Perilaku Konsumen di Tengah Kenaikan Harga Ponsel
Kenaikan harga ponsel tentunya mempengaruhi perilaku konsumen dalam memilih produk. Banyak yang mulai berpikir dua kali sebelum membeli perangkat baru, terlebih jika harganya melampaui anggaran yang telah disiapkan.
Dengan adanya tekanan finansial ini, konsumen cenderung akan lebih mencari informasi dan membandingkan harga. Hal ini menunjukkan bahwa konsumen menjadi lebih cerdas dalam memutuskan untuk membeli ponsel.

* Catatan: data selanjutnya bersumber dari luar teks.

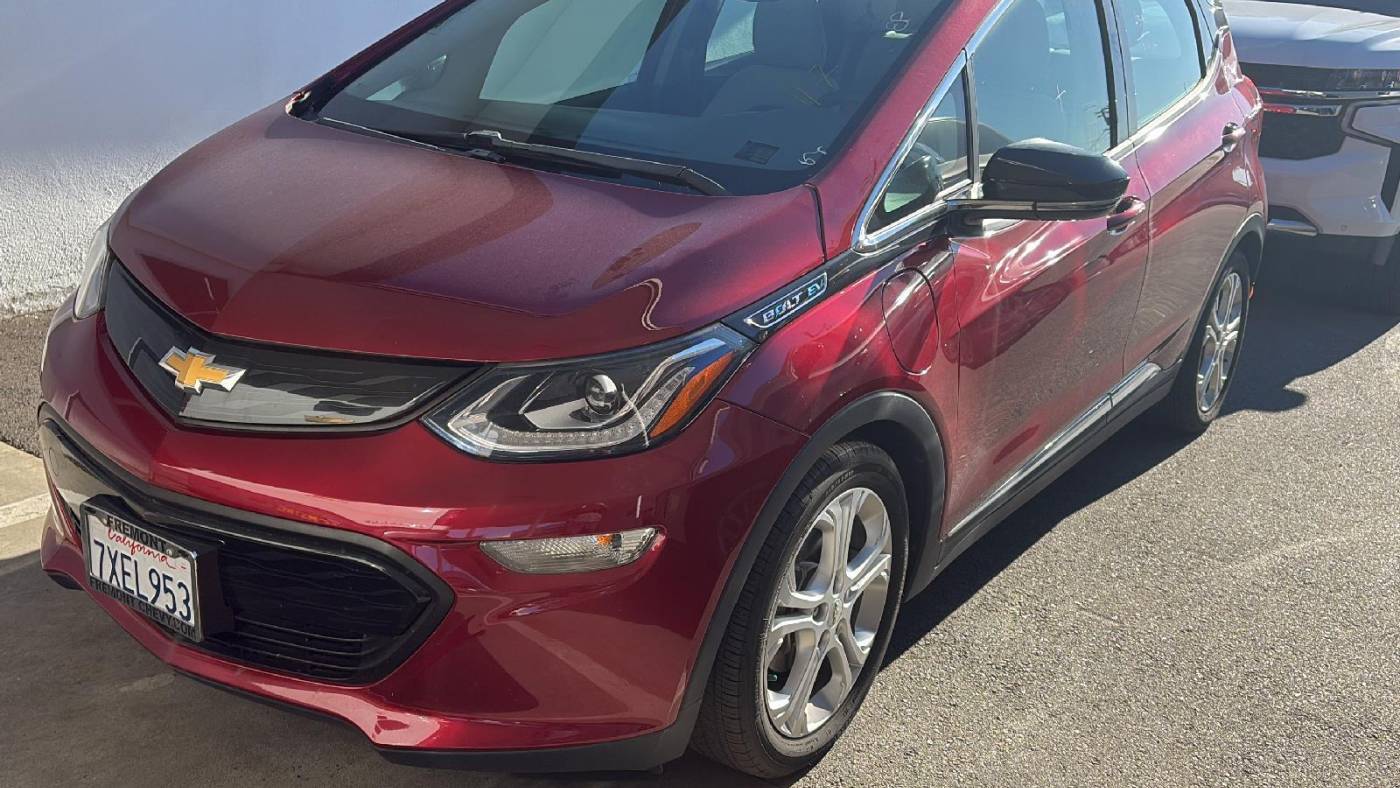 2017 Chevrolet Bolt EV LT — Hatchback — 60,453 mi — Watsonville, CA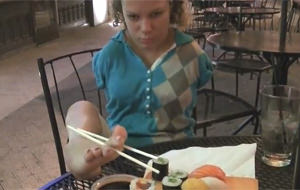 Comiendo con palillos… usando un pie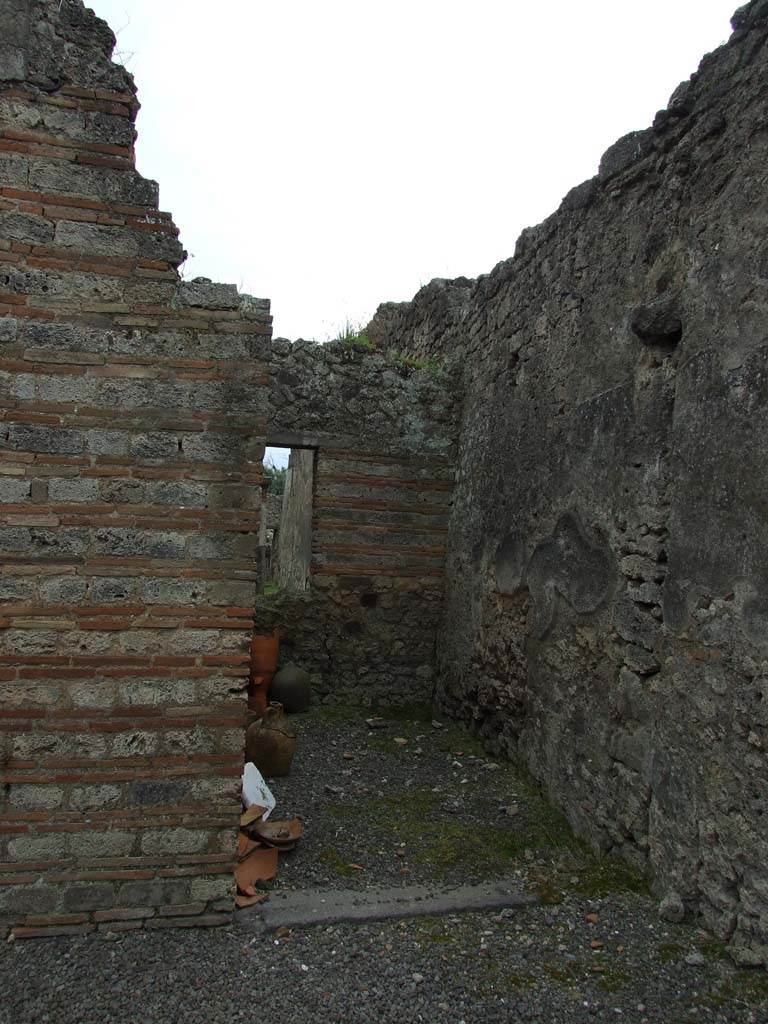 I.9.3 Pompeii. March 2009. Room 5 on west side of atrium.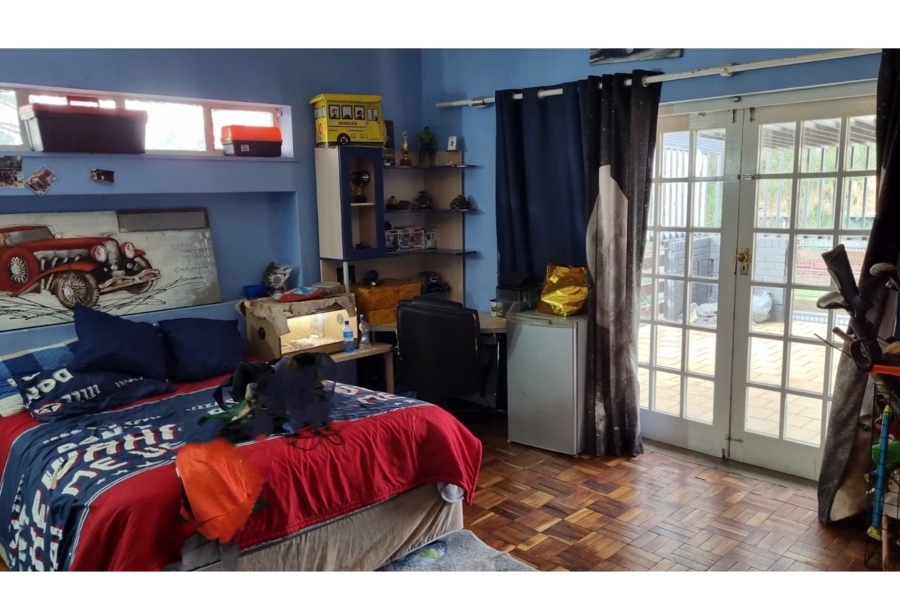 13 Bedroom Property for Sale in Petersfield Gauteng
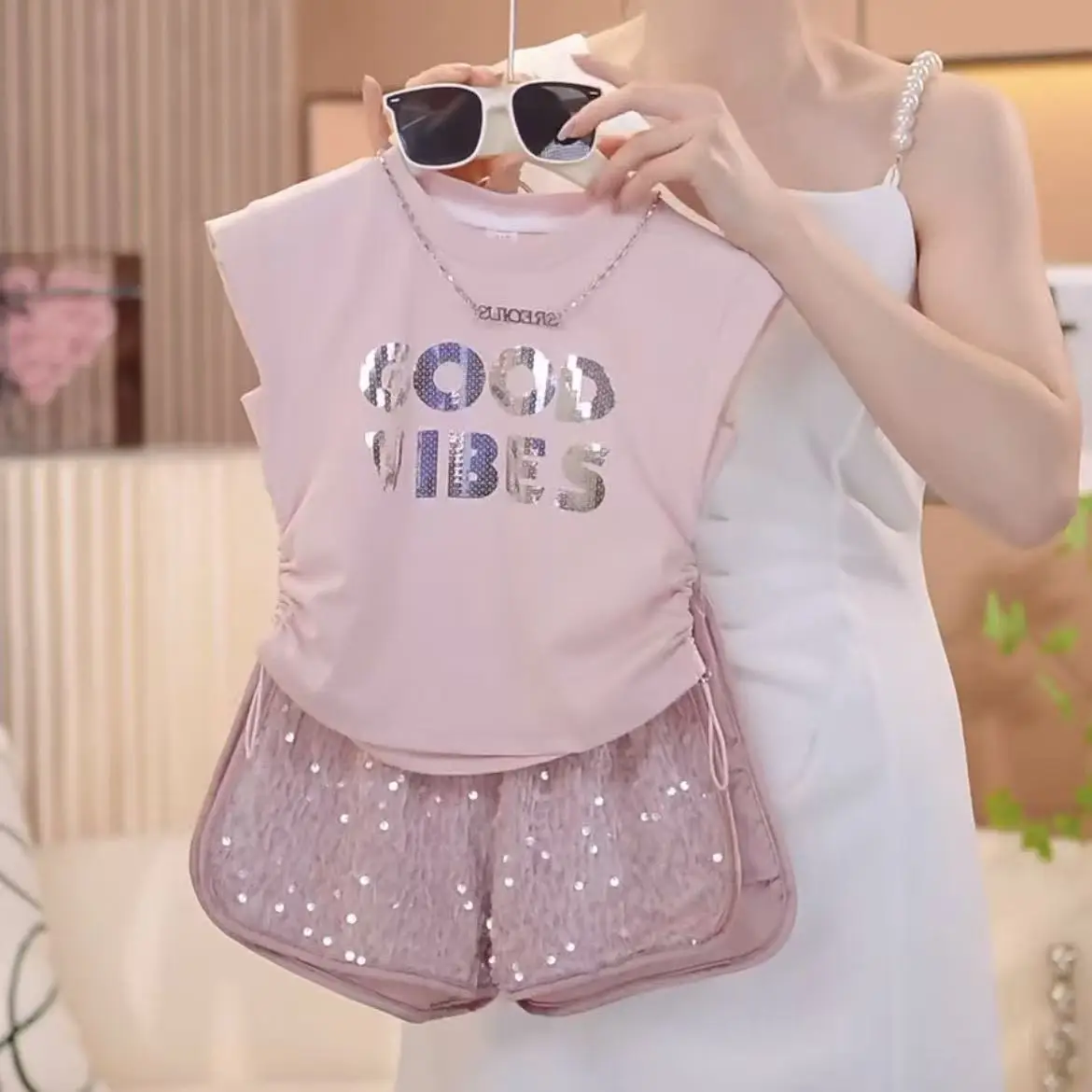 Girls' Summer Clothing Set New Children's Fashion Sleeveless T-shirt Shiny Shorts Two Piece Set Kids Outfits
Girls' Summer Clothing Set New Children's Fashion Sleeveless T-shirt Shiny Shorts Two Piece Set Kids Outfits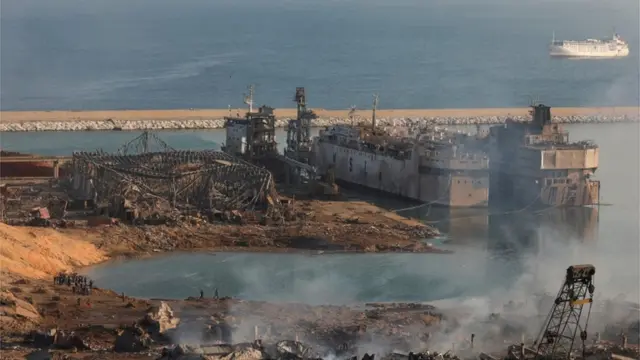 مركز الانفجار في ميناء بيروت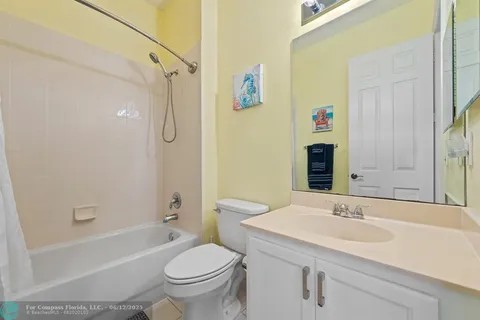 $319,000 | 580 Pacific Grove Drive, Unit 3, West Palm Beach, FL 33401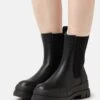 Boots - Black -FOREVER 21 c166bb53eaba4afe828605786c76265c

Opsi ponsel bekas juga mulai dilirik oleh banyak orang. Perilaku ini menunjukkan bahwa konsumen tengah mencari cara untuk tetap mendapatkan teknologi terbaru tanpa mengeluarkan biaya yang terlalu besar.
Pada sisi lain, meningkatnya ketergantungan terhadap teknologi dalam kehidupan sehari-hari semakin mendesak orang untuk memiliki ponsel. Meskipun demikian, mereka tetap harus memperhatikan anggaran yang ada.
Dengan demikian, produsen yang mampu memahami perilaku konsumen ini akan memiliki keunggulan dalam merancang produk yang lebih sesuai dengan kebutuhan user, baik dari segi harga maupun fitur.